Comme je ne disais rien, muet d’étonnement, il reprocha :

— Vous ne voyez donc pas ce que font ces criminels ? Ils creusent l’abîme qu’on ne comblera plus… Encore quelques semaines de ce régime, quelques mois, tout au plus, et c’est… savez-vous ce que c’est ?…

— Parlez ! fis-je, de plus en plus glacé.

— Eh bien, c’est la banqueroute, cher et aveugle monsieur, et – écoutez-moi bien de vos deux oreilles, et retenez bien ce que je vais vous dire – c’est le démembrement de la patrie… de-la-pa-trie !… Est-ce clair ?

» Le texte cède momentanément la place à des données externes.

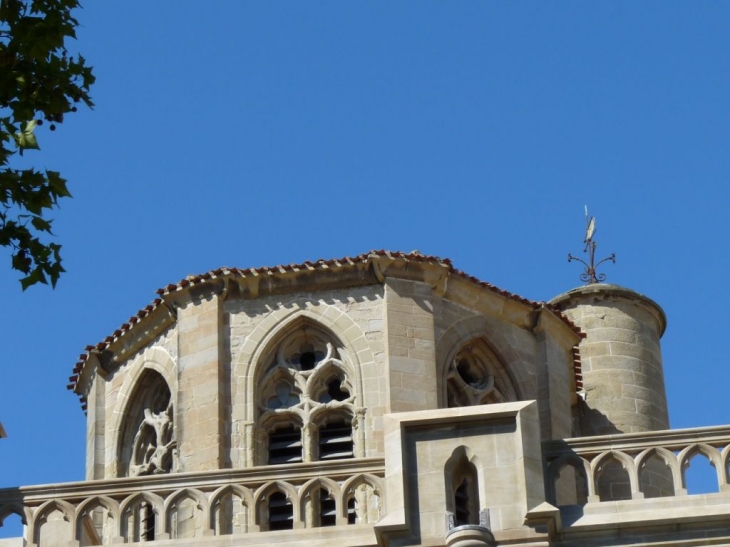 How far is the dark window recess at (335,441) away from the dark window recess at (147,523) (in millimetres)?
1666

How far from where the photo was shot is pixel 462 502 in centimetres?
2091

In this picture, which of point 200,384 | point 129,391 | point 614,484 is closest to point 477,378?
point 614,484

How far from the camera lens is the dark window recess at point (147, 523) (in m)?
24.2

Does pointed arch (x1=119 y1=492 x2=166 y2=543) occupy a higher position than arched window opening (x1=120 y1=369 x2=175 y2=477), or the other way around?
arched window opening (x1=120 y1=369 x2=175 y2=477)

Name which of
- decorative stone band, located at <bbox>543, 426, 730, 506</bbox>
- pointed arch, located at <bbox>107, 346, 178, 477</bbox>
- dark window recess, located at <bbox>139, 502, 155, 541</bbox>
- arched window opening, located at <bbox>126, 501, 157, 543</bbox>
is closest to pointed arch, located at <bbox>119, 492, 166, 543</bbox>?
decorative stone band, located at <bbox>543, 426, 730, 506</bbox>

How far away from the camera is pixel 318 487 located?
1981cm

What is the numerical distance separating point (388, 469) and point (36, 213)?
3.78 m

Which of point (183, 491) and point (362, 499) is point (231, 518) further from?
point (183, 491)

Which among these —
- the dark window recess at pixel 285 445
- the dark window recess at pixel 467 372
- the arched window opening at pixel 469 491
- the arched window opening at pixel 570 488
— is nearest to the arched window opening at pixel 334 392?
the dark window recess at pixel 285 445

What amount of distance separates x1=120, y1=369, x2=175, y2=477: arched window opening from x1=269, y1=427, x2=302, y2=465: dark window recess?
104 cm

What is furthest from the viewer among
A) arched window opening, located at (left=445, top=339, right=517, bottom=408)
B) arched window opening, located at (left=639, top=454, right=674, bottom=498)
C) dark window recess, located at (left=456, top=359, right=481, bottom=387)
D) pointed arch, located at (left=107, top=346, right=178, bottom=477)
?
arched window opening, located at (left=639, top=454, right=674, bottom=498)

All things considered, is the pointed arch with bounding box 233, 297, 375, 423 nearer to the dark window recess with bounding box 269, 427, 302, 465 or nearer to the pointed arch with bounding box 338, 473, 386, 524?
the dark window recess with bounding box 269, 427, 302, 465

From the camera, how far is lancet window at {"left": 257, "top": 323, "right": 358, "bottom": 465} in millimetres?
24609

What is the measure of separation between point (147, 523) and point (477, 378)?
361 cm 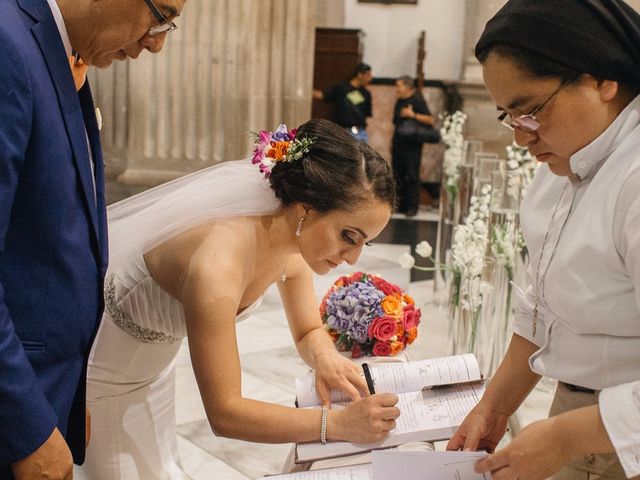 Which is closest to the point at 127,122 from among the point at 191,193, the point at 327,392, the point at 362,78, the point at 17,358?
the point at 362,78

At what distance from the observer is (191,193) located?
2.26m

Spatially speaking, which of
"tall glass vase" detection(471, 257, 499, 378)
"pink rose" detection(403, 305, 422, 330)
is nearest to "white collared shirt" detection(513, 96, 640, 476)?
"pink rose" detection(403, 305, 422, 330)

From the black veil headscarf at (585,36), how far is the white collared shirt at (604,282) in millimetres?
90

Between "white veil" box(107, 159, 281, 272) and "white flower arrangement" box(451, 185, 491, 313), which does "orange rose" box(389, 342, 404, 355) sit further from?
"white flower arrangement" box(451, 185, 491, 313)

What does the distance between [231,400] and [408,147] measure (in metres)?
8.75

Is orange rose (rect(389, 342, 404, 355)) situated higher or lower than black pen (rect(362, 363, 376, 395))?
lower

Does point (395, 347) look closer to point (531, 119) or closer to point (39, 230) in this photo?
point (531, 119)

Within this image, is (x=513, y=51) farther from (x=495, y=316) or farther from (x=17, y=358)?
(x=495, y=316)

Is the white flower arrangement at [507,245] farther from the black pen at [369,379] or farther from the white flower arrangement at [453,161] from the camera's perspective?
the black pen at [369,379]

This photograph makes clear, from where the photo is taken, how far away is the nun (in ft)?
4.19

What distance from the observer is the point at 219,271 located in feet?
6.28

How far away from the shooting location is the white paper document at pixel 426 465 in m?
1.40

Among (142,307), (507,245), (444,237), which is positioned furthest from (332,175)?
(444,237)

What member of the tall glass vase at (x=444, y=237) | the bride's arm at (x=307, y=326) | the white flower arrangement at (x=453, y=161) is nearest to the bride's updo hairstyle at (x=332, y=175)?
the bride's arm at (x=307, y=326) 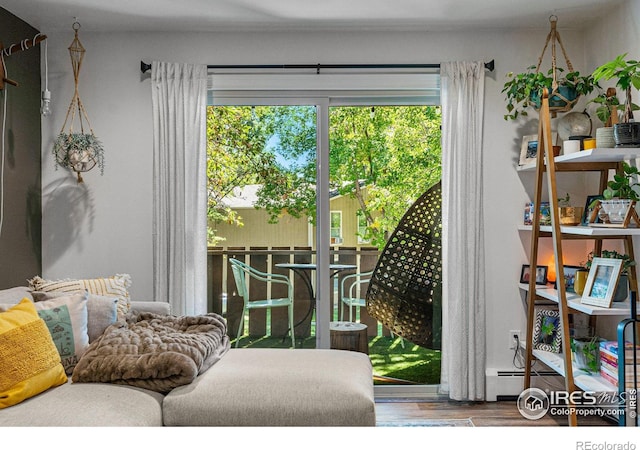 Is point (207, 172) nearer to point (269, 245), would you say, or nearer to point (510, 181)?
point (269, 245)

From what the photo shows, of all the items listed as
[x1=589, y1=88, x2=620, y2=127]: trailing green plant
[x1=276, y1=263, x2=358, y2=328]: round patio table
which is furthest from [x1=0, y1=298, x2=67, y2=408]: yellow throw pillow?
[x1=589, y1=88, x2=620, y2=127]: trailing green plant

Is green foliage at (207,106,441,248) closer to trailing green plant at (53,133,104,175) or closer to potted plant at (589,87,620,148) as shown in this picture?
trailing green plant at (53,133,104,175)

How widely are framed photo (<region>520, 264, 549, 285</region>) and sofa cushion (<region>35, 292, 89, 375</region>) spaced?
264 cm

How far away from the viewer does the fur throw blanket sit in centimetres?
238

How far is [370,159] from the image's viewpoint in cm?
390

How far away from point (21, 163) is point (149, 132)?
80cm

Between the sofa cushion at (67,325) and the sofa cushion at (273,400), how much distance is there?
1.82 feet

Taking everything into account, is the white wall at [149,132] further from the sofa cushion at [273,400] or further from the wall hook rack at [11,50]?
the sofa cushion at [273,400]

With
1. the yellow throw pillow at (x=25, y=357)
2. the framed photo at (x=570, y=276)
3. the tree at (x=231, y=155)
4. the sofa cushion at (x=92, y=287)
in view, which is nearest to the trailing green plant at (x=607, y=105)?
the framed photo at (x=570, y=276)

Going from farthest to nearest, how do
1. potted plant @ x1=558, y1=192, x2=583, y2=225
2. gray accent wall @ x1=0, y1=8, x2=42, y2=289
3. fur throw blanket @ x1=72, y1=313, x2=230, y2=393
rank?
1. gray accent wall @ x1=0, y1=8, x2=42, y2=289
2. potted plant @ x1=558, y1=192, x2=583, y2=225
3. fur throw blanket @ x1=72, y1=313, x2=230, y2=393

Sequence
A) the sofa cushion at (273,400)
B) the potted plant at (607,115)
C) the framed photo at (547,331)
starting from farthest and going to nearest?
1. the framed photo at (547,331)
2. the potted plant at (607,115)
3. the sofa cushion at (273,400)

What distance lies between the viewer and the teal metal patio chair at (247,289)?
12.7 feet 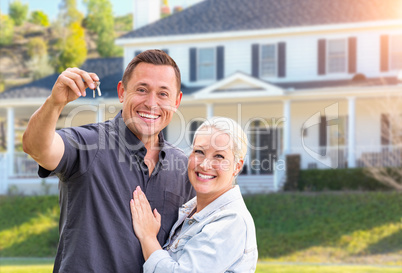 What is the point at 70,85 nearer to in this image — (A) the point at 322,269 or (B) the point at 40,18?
(A) the point at 322,269

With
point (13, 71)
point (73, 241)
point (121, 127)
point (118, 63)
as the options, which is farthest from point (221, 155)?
point (13, 71)

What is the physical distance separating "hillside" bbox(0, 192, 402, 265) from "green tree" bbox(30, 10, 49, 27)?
219ft

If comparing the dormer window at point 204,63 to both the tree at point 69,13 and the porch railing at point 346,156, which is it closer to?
the porch railing at point 346,156

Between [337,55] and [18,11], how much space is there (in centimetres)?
6453

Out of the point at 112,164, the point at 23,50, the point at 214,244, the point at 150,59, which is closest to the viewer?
the point at 214,244

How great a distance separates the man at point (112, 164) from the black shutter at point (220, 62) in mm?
19401

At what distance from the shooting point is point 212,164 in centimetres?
303

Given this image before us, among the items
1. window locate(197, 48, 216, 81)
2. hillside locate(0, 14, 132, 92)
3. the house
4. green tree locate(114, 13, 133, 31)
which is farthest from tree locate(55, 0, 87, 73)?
the house

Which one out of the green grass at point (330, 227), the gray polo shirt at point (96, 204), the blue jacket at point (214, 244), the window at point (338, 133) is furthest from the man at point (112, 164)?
the window at point (338, 133)

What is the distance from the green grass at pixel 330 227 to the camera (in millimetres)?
13789

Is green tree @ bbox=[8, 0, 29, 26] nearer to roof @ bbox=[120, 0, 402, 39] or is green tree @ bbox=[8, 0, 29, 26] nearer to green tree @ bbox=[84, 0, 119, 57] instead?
green tree @ bbox=[84, 0, 119, 57]

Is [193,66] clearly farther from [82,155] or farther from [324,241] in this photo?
[82,155]

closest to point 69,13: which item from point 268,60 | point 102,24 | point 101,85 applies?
point 102,24

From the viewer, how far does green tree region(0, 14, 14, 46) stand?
70.9 meters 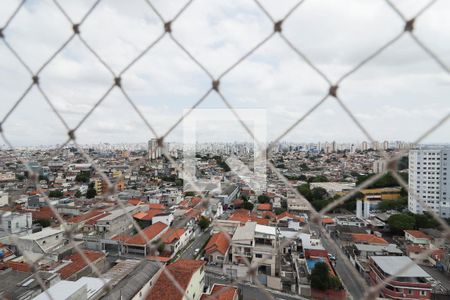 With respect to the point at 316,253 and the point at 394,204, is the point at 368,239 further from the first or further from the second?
the point at 394,204

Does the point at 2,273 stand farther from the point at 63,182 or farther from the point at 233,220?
the point at 63,182

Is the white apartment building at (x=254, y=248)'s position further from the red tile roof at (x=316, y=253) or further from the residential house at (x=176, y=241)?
the residential house at (x=176, y=241)

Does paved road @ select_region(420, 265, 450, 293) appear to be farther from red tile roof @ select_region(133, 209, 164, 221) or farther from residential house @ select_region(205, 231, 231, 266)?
red tile roof @ select_region(133, 209, 164, 221)

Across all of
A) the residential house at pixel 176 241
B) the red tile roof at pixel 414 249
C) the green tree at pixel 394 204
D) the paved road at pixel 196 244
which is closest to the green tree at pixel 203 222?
the paved road at pixel 196 244

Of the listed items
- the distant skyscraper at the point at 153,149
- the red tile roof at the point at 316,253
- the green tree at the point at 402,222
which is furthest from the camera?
the green tree at the point at 402,222

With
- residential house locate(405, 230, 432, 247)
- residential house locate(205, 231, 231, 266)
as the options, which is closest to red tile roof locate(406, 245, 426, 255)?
residential house locate(405, 230, 432, 247)

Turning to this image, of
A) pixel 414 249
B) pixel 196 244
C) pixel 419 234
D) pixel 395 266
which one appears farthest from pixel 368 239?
pixel 196 244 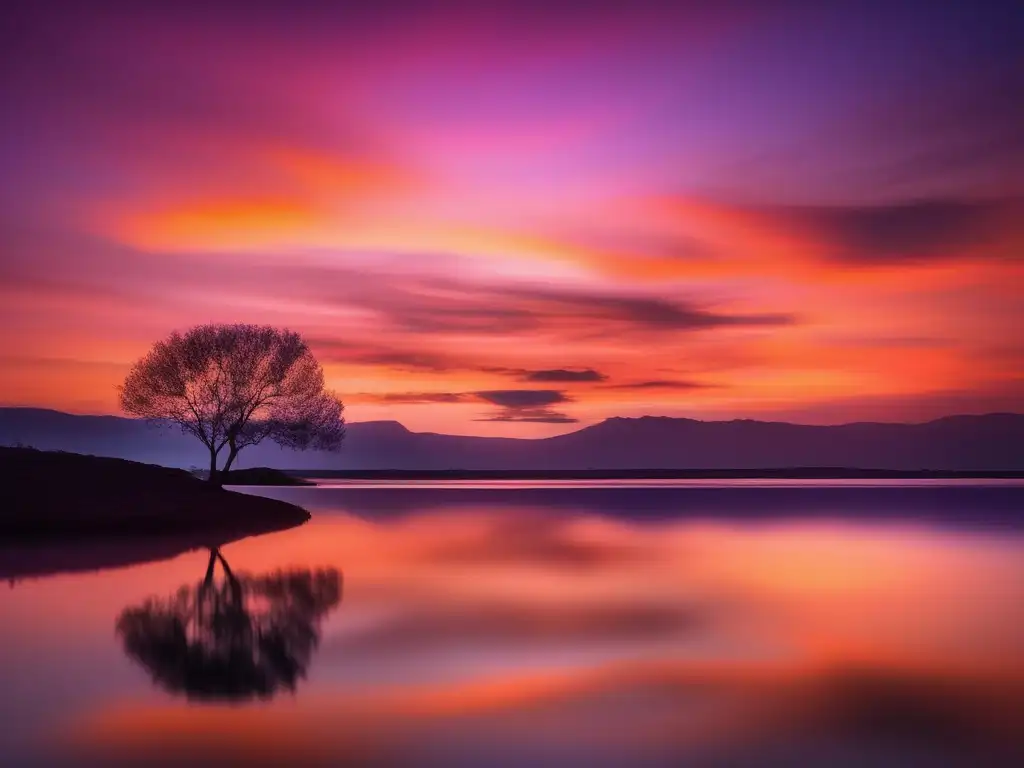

— Vous êtes sévère, monsieur Émile Ollivier.

Ce nom de : Émile Ollivier, que je venais de proférer, rapproché de ce bout de phrase « démembrement de la patrie », qu’il venait – ô inconscience ! ô impudeur ! – de souligner si cruellement, retentit dans le wagon comme un écho tragique du passé. Et je frissonnai, à ce nom, de la tête aux pieds. Car, dans ce nom, au moment même où il était sorti de mes lèvres, j’avais perçu nettement, distinctement, et, pour ainsi dire, un à un, les grands cris de rage, les sanglots des veuves, les malédictions des mères, les hurlantes clameurs de la défaite.